CBS News faces mounting calls for an investigation into how its flagship program “60 Minutes” aired a false witness account of the 2012 attack on the U.S. diplomatic mission in Benghazi, Libya.

“CBS News is under mounting pressure to launch an independent investigation into how 60 Minutes came to mislead its audience in an October 27th report that relied almost exclusively on a source they knew was an admitted liar,” Media Matters of America, a U.S.-based non-governmental organization, said Monday on its website.

The report by CBS News chief foreign correspondent Lara Logan centered around the witness account of “Morgan Jones,” whose real name is Dylan Davies, a security guard with the Blue Mountain Group, a British firm that was responsible for monitoring the U.S. diplomatic mission.

Davies said he was present during the attack, in which four Americans, including ambassador Chris Stevens, were killed.

However, four days after the program was aired, the Washington Post challenged Davies’s account.

The newspaper said he had previously told the Blue Mountain Group, in an official incident report, that he was nowhere near the U.S. embassy at the time.

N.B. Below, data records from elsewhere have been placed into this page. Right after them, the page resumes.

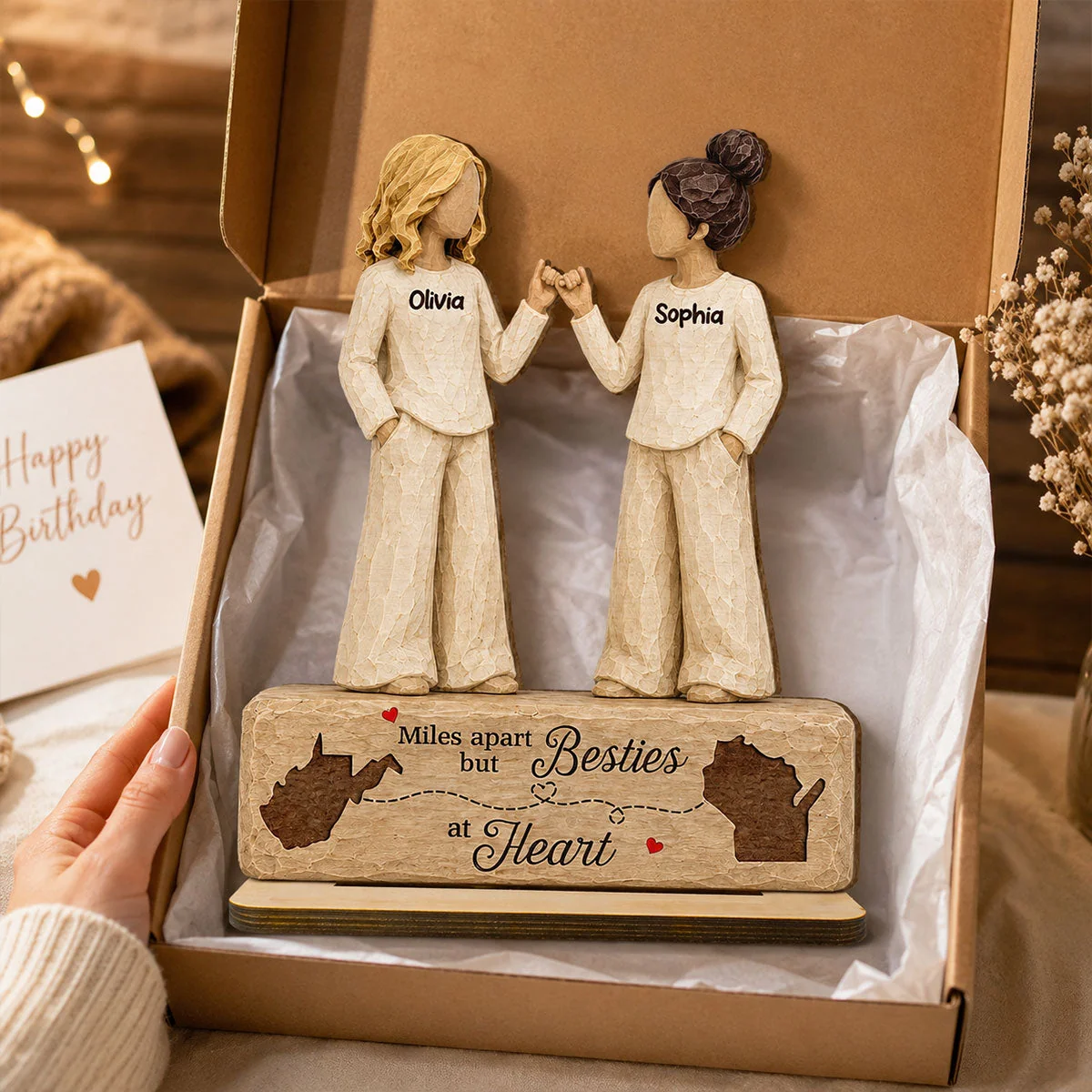 Personalized Wooden Plaque, Miles Apart Besties at Heart, Unique Gift for Long-Distance Friends - Image 3
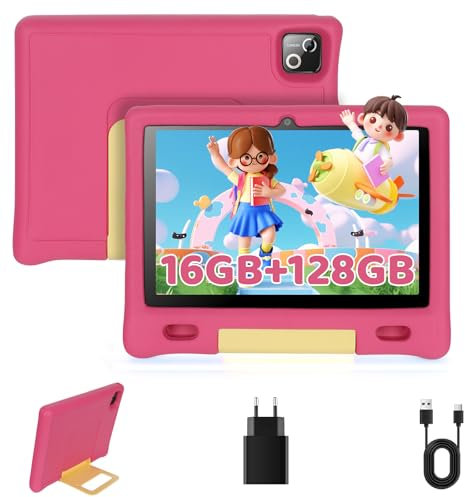 Whitedeer Tablet Touch per Bambini Android Tablet 10 Pollici Octa Core con 16GB RAM 128GB ROM TF 1TB, Wi-FI 6/BT 5.3, Widevine L1, 5000 mAh, Controllo Parentale Rosa Regalo Educativo Bambino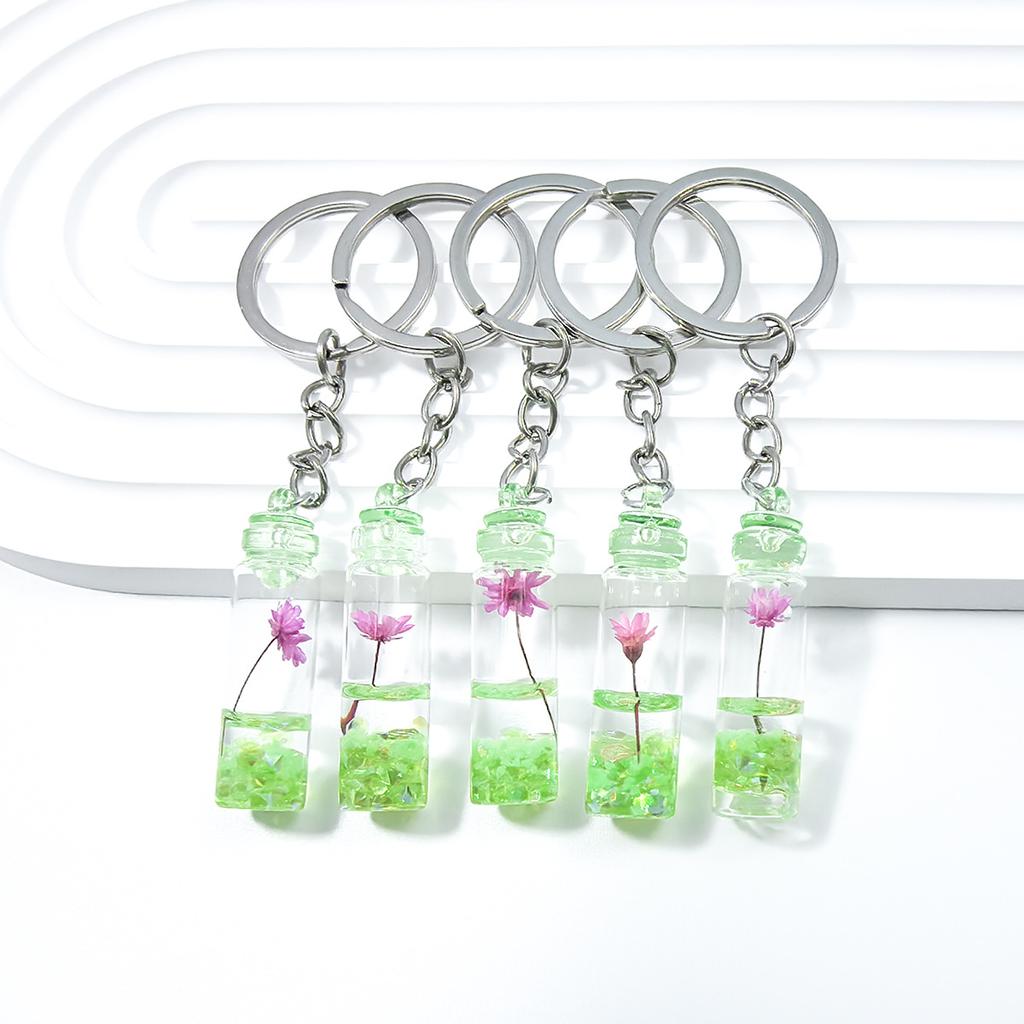 5 Pcs Creative Luminous Wishing Bottle Keychain Immortal Flower Bottle Pendant Couple Family Keychain Pendant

Calls to investigate Logan’s report are mounting, despite the award-winning correspondent apologizing twice.

“We realized we had been misled, and it was a mistake to include him in our report. For that, we are very sorry. The most important thing to every person at 60 Minutes is the truth, and the truth is we made a mistake,” she said on CBS on Nov. 10.

Media Matters founder David Brock described the apology as “wholly inadequate and entirely self-serving.”
Brock repeated his call for CBS to appoint an independent commission to investigate the report, which has been retracted.

MSNBC host Ed Schultz and his guests called for an independent investigation into CBS. “The media’s on trial here, too,” said one guest.

According to The Guardian, “CBS has refused to order an investigation under the apparent belief that having apologized, the furor would now die down.”

A CBS spokesman had previously said in a statement that “as soon as we had confirmation of a problem with this report... we issued a statement to that effect; we then went on the air Friday morning to address it, correct it and apologize, spoke at length to media outlets about the matter and now have explained it to our audience in a correction on our broadcast.”

This is not the first time that CBS is facing a debacle after erroneous reporting.

In 2004, it appointed an independent investigation over the authenticity of documents used in a report challenging former U.S. President George W. Bush’s service during the Vietnam War.